In our company,we meet the same situation as @liu shouwei.
We developed some features base on flink.Such as parallelism of sql source/sink
connector, and kafka delay consumer which is adding a flatmap and a keyby
transformation after the source Datastream.
What make us embarrassing is that when we migrate this features to Flink
1.11,we found that the DataSteam is missing,So we modify the blink’s code to
support parallelism.But kafka delay comsumer is unsolved until now.
From user’s perspective,it necessary to manipulate DataStream or have the
interoperability between Table API and DataStream.
Best
> 2020年9月25日 下午4:18,Rui Li 写道:
>
> Hi Jingsong,
>
> Thanks for driving this effort. I have two minor comments.
>
>
> 1. IMHO, parallelism is a concept that applies to all ScanTableSource.

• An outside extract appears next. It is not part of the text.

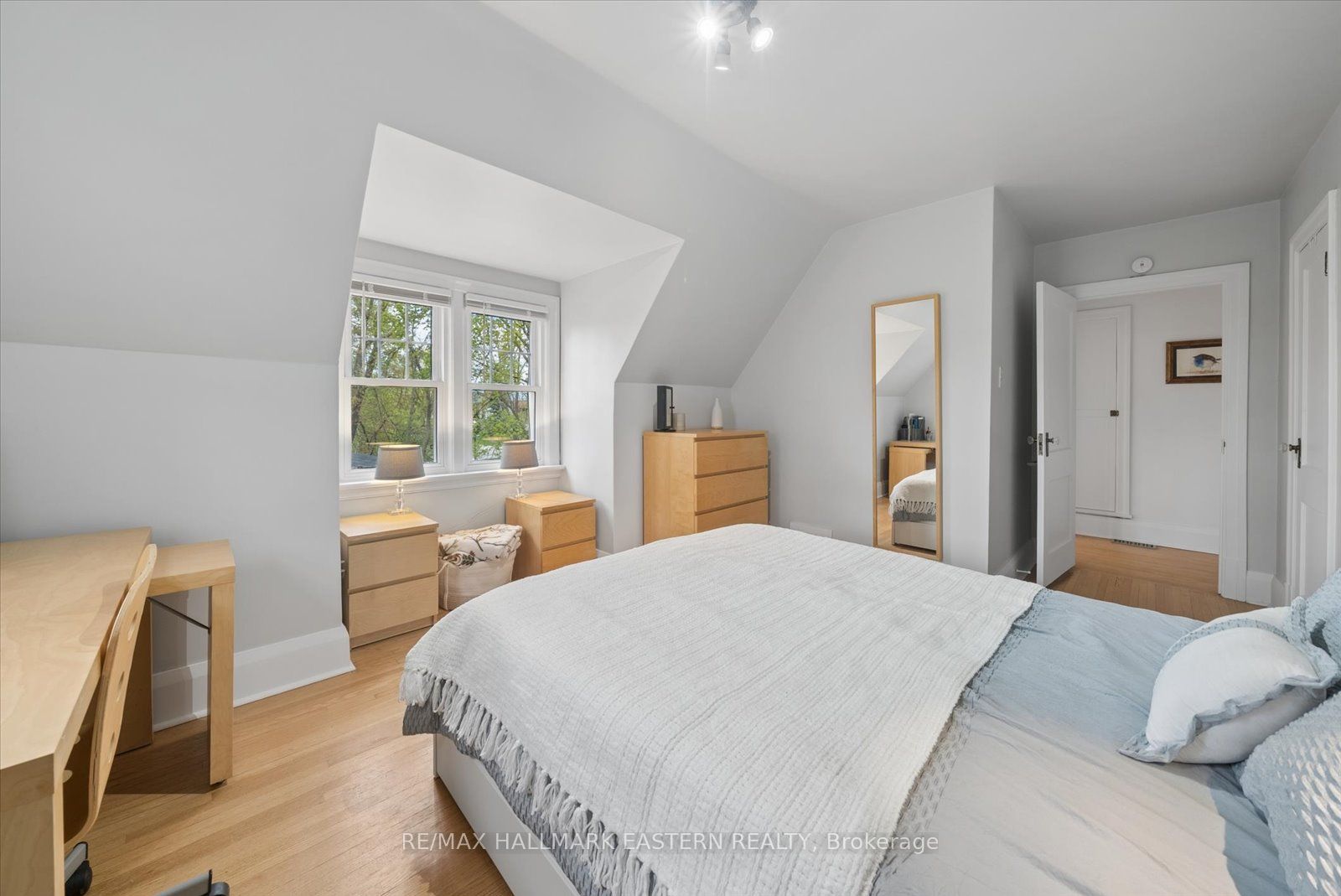 301 Engleburn Avenue Property Photo 22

> So instead of defining a new interface, is it more natural to incorporate
> parallel inference to existing interfaces, e.g. ScanTableSource
> or ScanRuntimeProvider?
> 2. `scan.infer-parallelism.enabled` doesn't seem very useful to me. From
> a user's perspective, parallelism is either set by `scan.parallelism`, or
> automatically decided by Flink. If a user doesn't want the connector to
> infer parallelism, he/she can simply set `scan.parallelism`, no?
>
>
> On Fri, Sep 25, 2020 at 3:33 PM Jingsong Li wrote:
>
>> Hi Aljoscha,
>>
>> Thank you for your feedback,
>>
>> ## Connector parallelism
>>
>> Requirements:
>> Set parallelism by user specified or inferred by connector.
>>
>> How to configure parallelism in DataStream:
>> In the DataStream world, the only way to configure parallelism is
>> `SingleOutputStreamOperator.setParallelism`. Actually, users need to have
>> access to DataStream when using a connector, not just the `SourceFunction`
>> / `Source` interface.
>> Is parallelism related to connectors? I think yes, there are many
>> connectors that can support obtaining parallelism related information from
>> them, and users do exactly that. This means parallelism inference (From
>> connectors).
>> The key is that `DataStream` is an open programming API, and users can
>> freely program to set parallelism.
>>
>> How to configure parallelism in Table/SQL:
>> But Table/SQL is not an open programming API, every feature needs a
>> corresponding mechanism, because the user is no longer able to program. Our
>> current connector interface: SourceFunctionProvider, SinkFunctionProvider,
>> through these interfaces, there is no ability to generate connector related
>> parallelism.
>> Back to our original intention: to avoid users directly manipulating
>> `DataStream`. Since we want to avoid it, we need to provide corresponding
>> features.
>>
>> And parallelism is the runtime information of connectors, It fits the name
>> of `ScanRuntimeProvider`.
>>
>>> If we wanted to add a "get parallelism" it would be in those underlying
>> connectors but I'm also skeptical about adding such a method there because
>> it is a static assignment and would preclude clever optimizations about the
>> parallelism of a connector at runtime.
>>
>> I think that when a job is submitted, it is in compile time. It should only
>> provide static parallelism.
>>
>> ## DataStream in table connector
>>
>> As I said before, if we want to completely cancel DataStream in the table
>> connector, we need to provide corresponding functions in
>> `xxRuntimeProvider`.
>> Otherwise, we and users may not be able to migrate the old connectors.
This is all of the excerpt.